A US$50 million High Court claim for payment against CL Financial (CLF) has been stayed indefinitely. The stay on the claim by British American Insurance Company Limited (BAICO), one of CLF’s subsidiaries which was part of the Government’s bailout agreement in 2009, was continued by Justice James Aboud yesterday.
BAICO will now have to prove its debt to CLF’s joint-liquidators. At a brief hearing yesterday, Deborah Peake, SC, who along with Ravi Heffes Doon represents BAICO, reminded Justice Aboud that a summary judgement had been applied for, after which the proceedings had been put on hold in October 2014.

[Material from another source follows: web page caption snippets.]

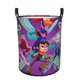 thumbnail image 1 of La Leyenda de la Búsqueda Cesta de lavandería de gran capacidad redonda con asa, bolsa para ropa sucia plegable, almacenamiento para dormitorio, baño y lavadero 44x35 cm, 1 of 6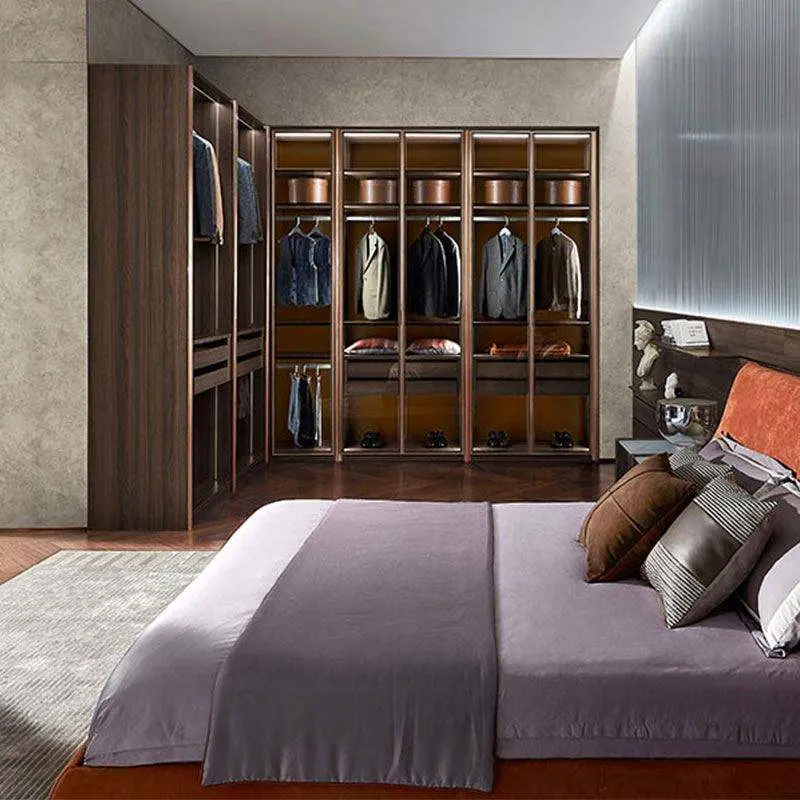 Premium Price List Products Room Sale Online Walk in Closet Cabinet L Shape Wardrobe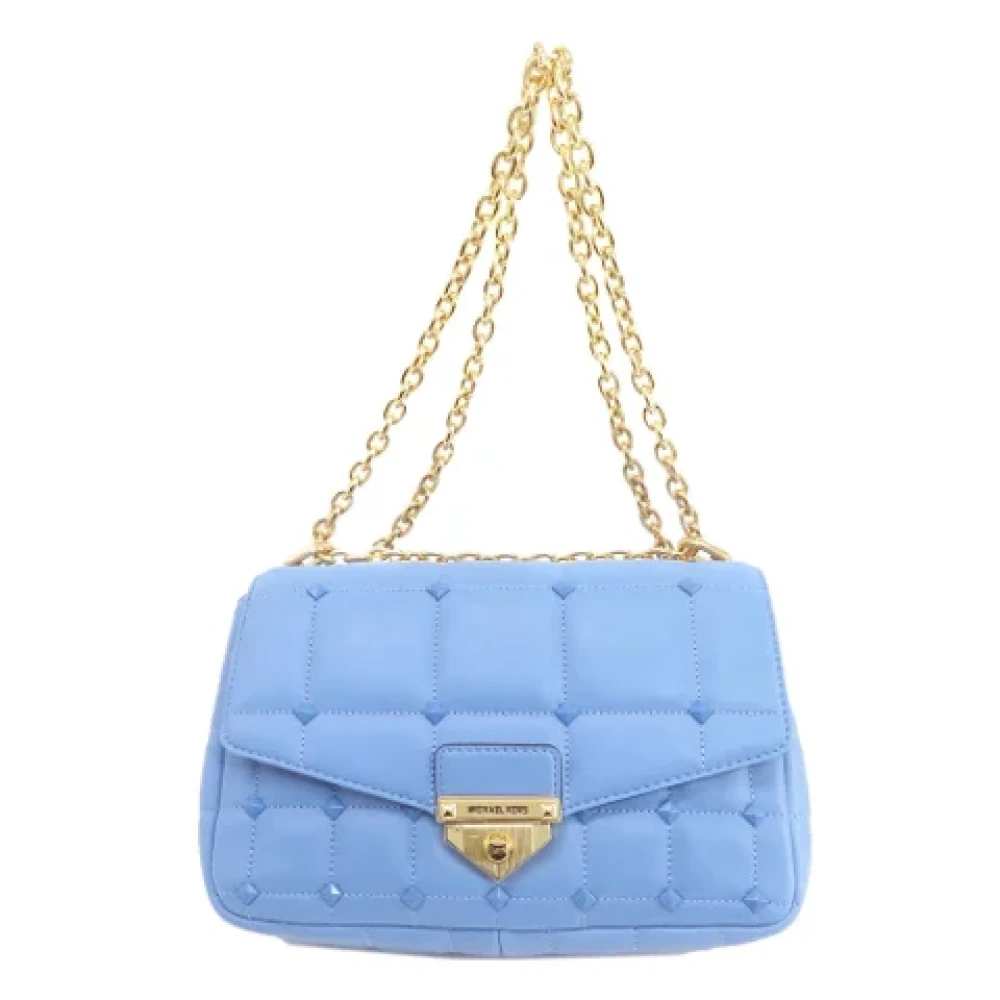 Michael Kors Pre-owned Fabric shoulder-bags Blue Dames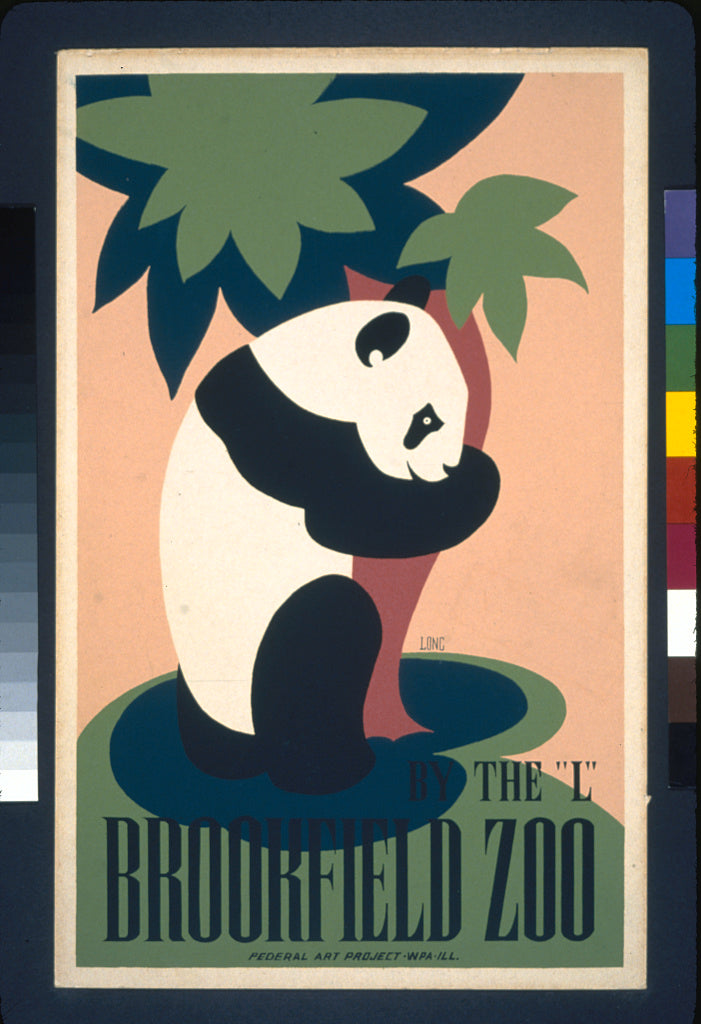 A picture of Brookfield Zoo--By the "L"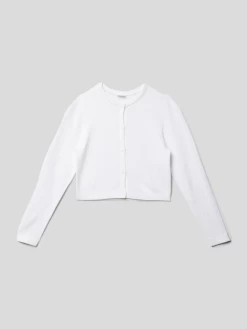 S.Oliver RED LABEL Strickjacke Mit Rundhalsausschnitt - Weiß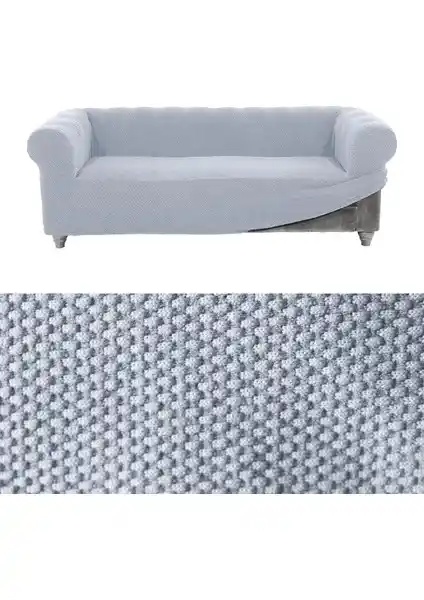 Faiend Likrali Esnek 3 Kişilik Chester Koltuk Kılıfı Modern ve Dayanıklı Tasarım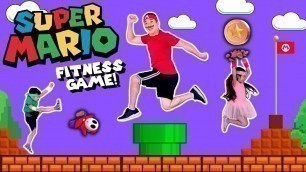 '⭐ SUPER MARIO Videogame Workout! | Kids Exercise & JOKES'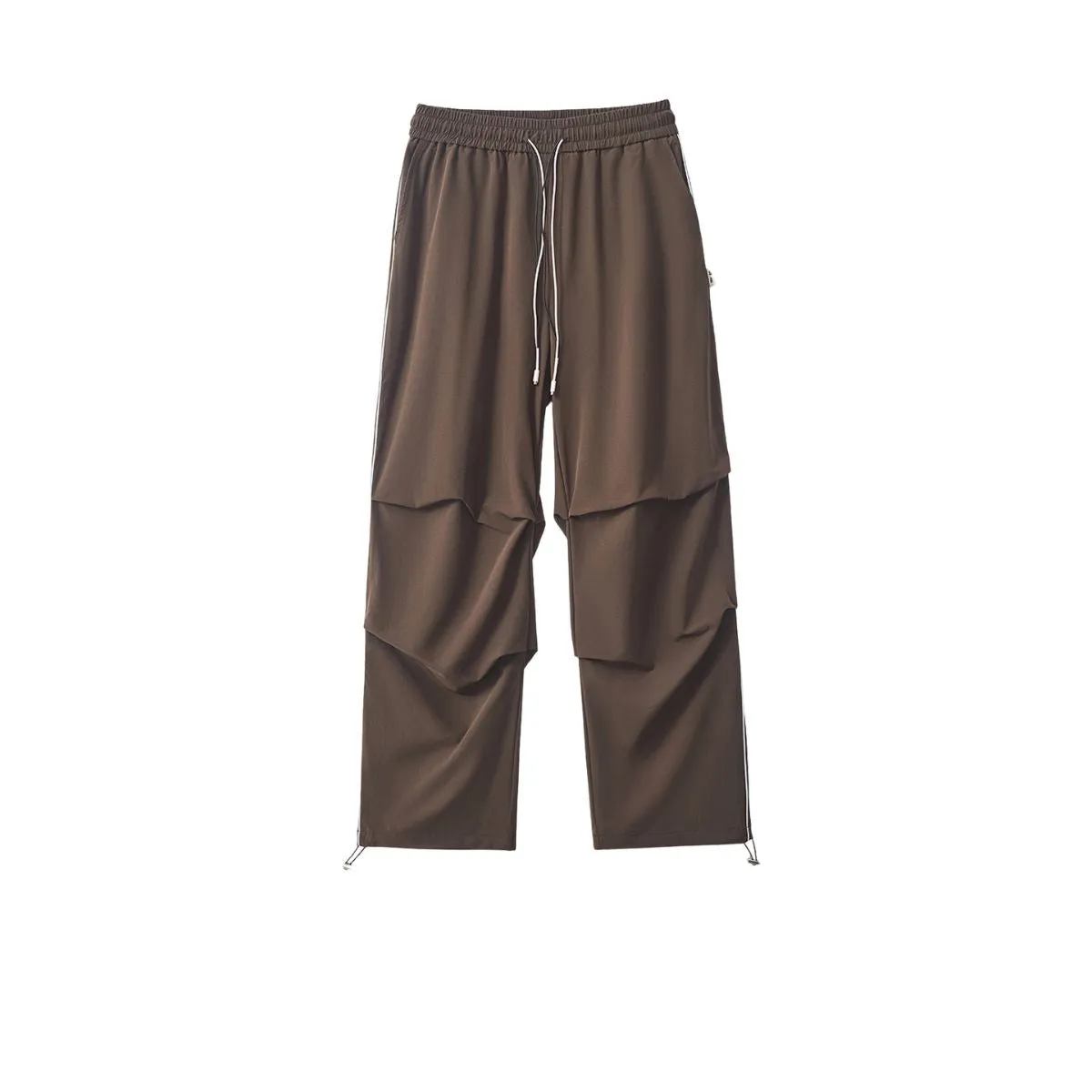 Solid Color Wide Leg Pants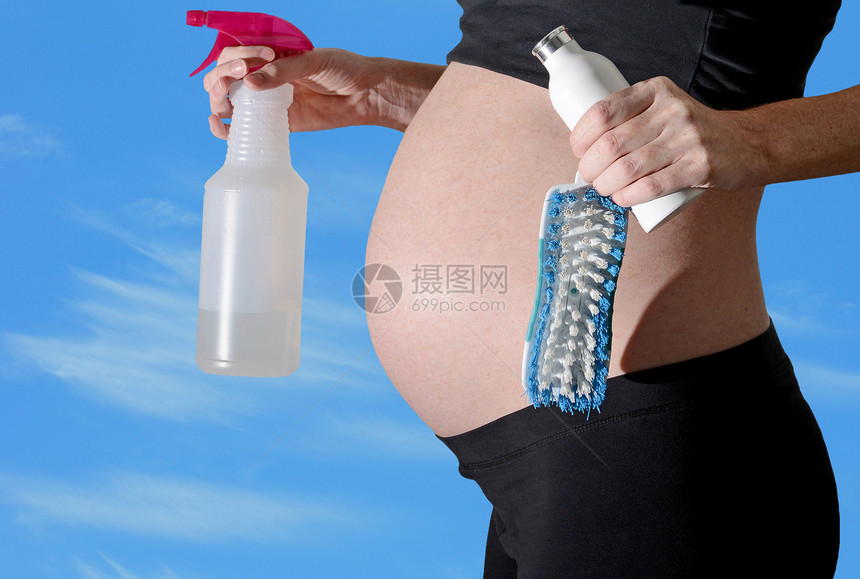 孕妇和清洁用品以及清洁用品图片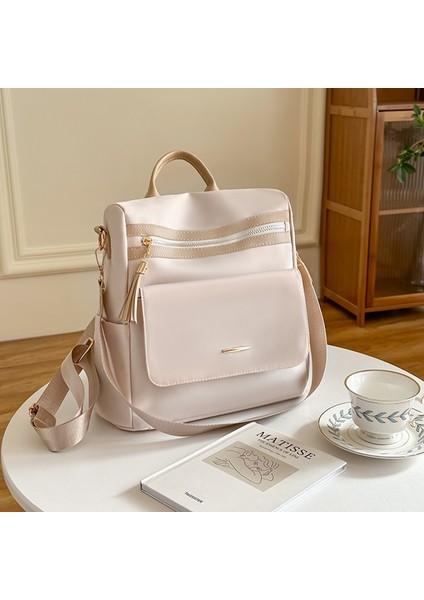 Sırt Çantası Büyük Kapasiteli Çok Yönlü Sırt Çantası Kadın Moda Su Geçirmez Sırt Çantası Rahat Çanta Çift Kullanımlı Trendy (Yurt Dışından)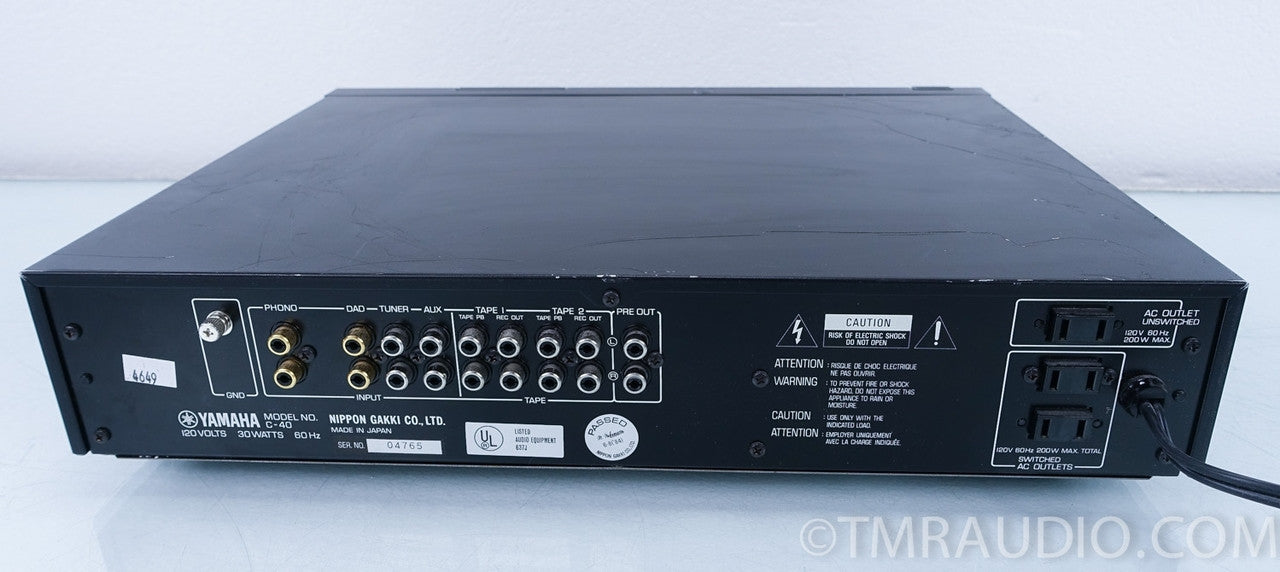 Yamaha C-40 Stereo Preamplifier / Preamp AS-IS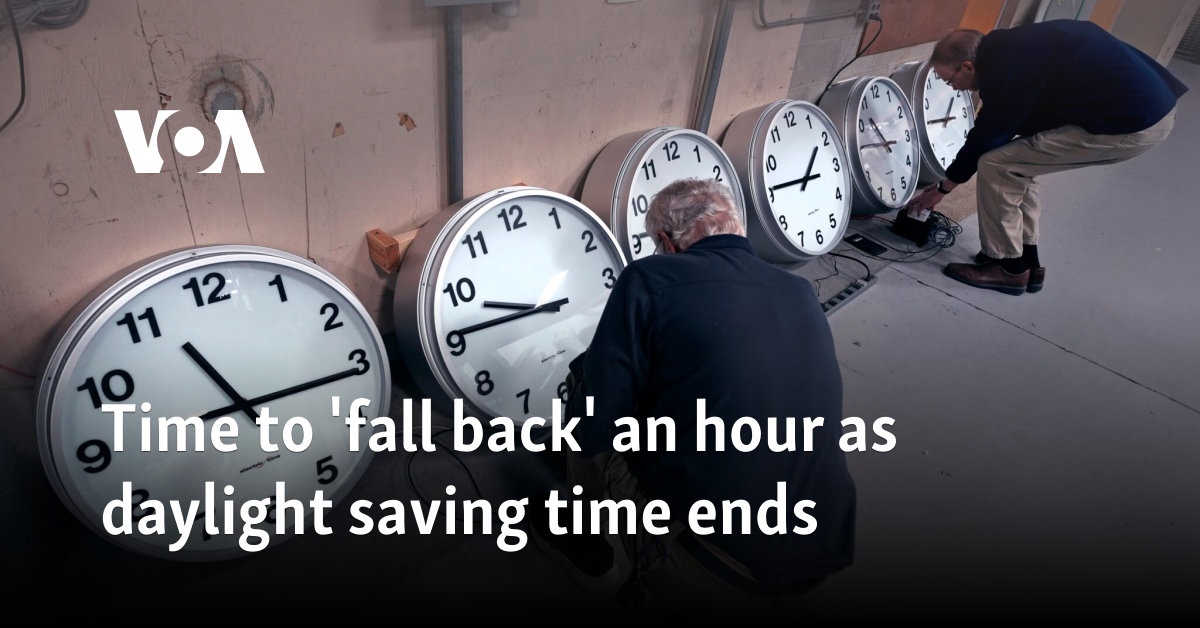 Time to 'fall back' an hour as daylight saving time ends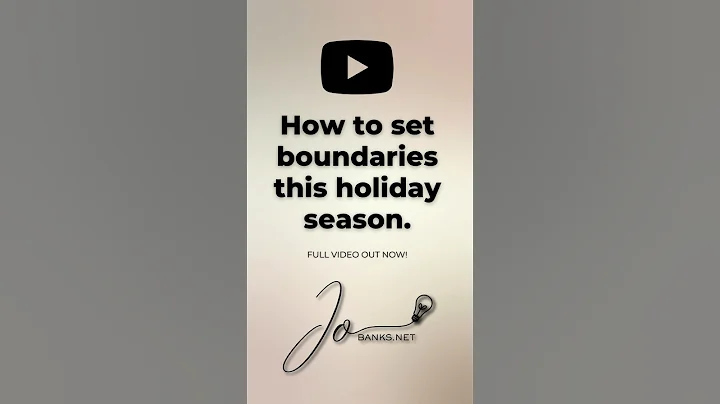 New video giving you tools tips and ideas for setting boundaries this holiday season!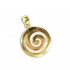 Spiral ~ Sterling Silver 24K/ Gold Plated Pendant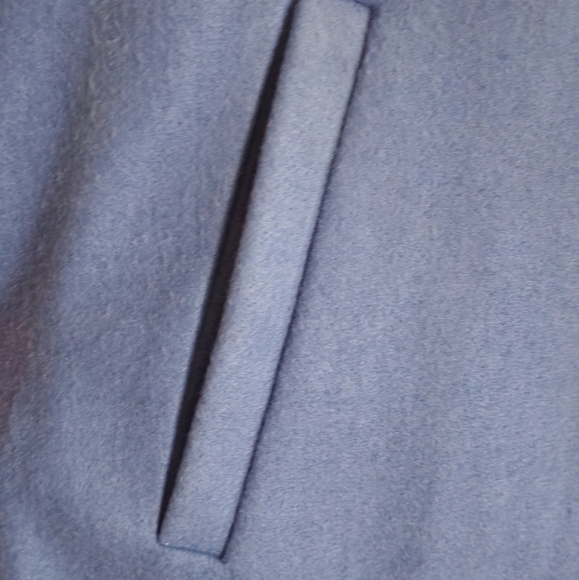 Old Navy Blue Oversized Soft-Brushed Button-Front Coat Size XL - Picture 6 of 8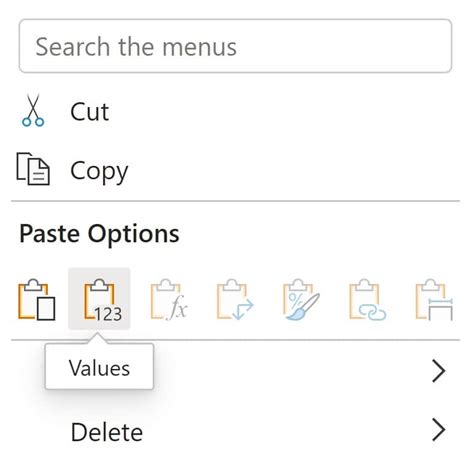 Image result for Excel Paste Options Control V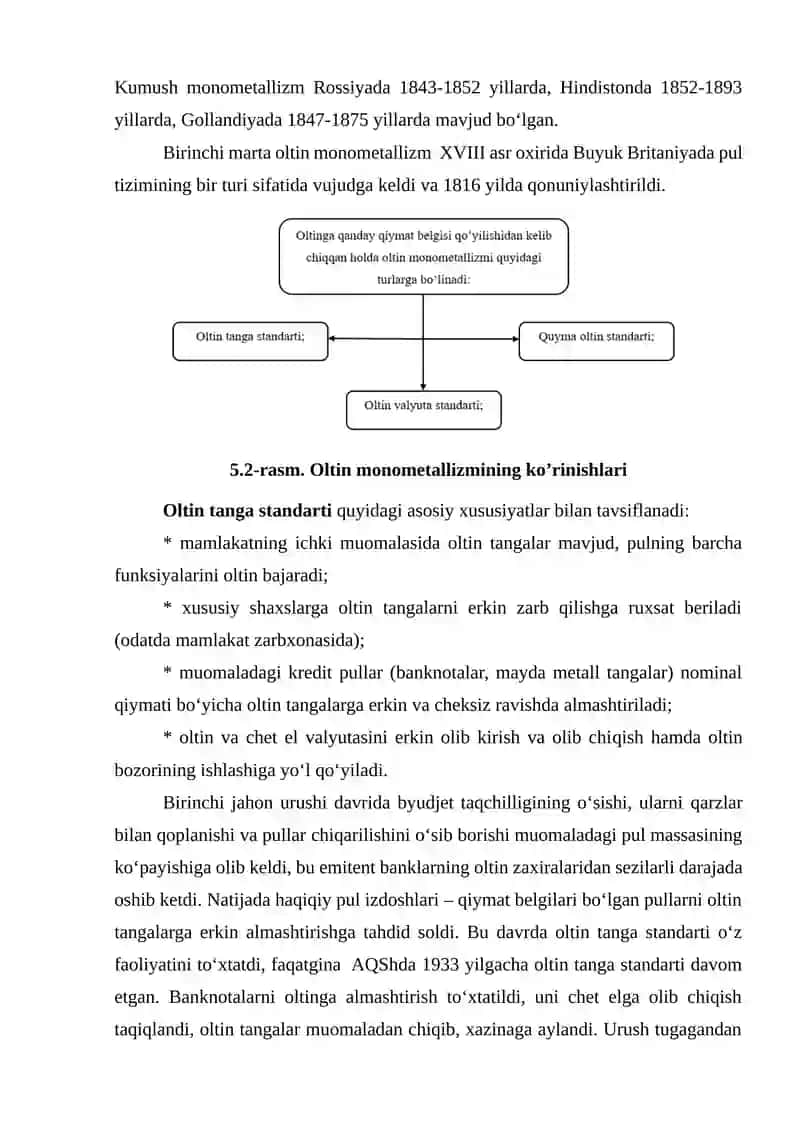 PUL TIZIMI: TUSHUNCHASI, TURLARI VA ELEMENTLARI 3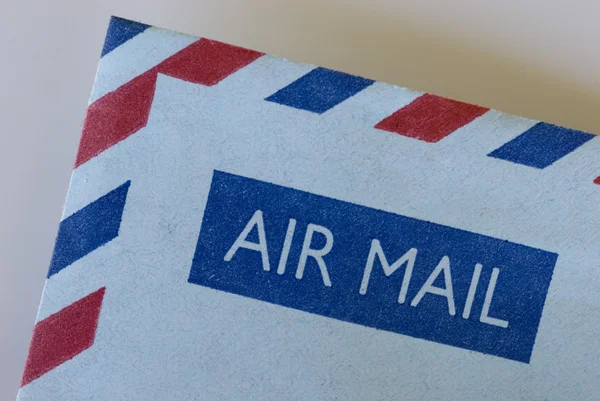 Авіапоштою конверт — стокове фото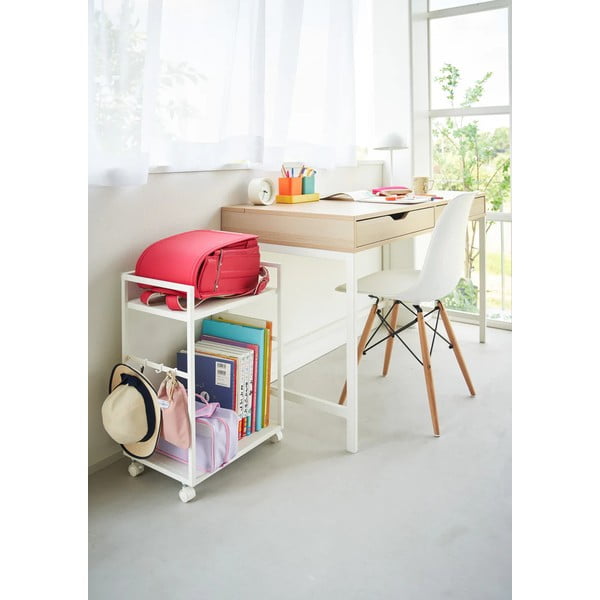 Valge metallist mobiilne riiul 42x60 cm Tower - YAMAZAKI-image-2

She said a further request was made to have the stay lifted and summary judgement proceed. However, since then, the High Court has ordered the liquidation of CLF and there will be no necessity to obtain the summary judgement, Peake told the court. In granting the request, Justice Aboud said the stay shall remain in force until further notice, pending the outcome of the liquidation.
BAICO, in its 2011 lawsuit, claimed it was owed over US$50 million by CLF under the terms of a Promissory Note dated December 31, 1998. The Promissory Note had a maturity date of December 31, 2010, although the principal became due and payable in the event that CLF failed to settle the interest due on the loan.
A demand for payment was made but nothing was paid and attorneys for BAICO, which was placed under the control of the Central Bank as part of the bailout agreement, filed a lawsuit including a claim for US$39.575 million in principal and US$10.75M in accrued unpaid interest.
Attorney Stephen Singh appeared for CLF. According to a preliminary report by joint liquidators Hugh Dickson and Marcus Wide of international accounting firm Grant Thornton, CLF’s Management Accounts, dated June 30, show a shareholders’ deficiency of $3.44 billion, before taking into account the obligations to the Government as part of the 2009 bailout agreement.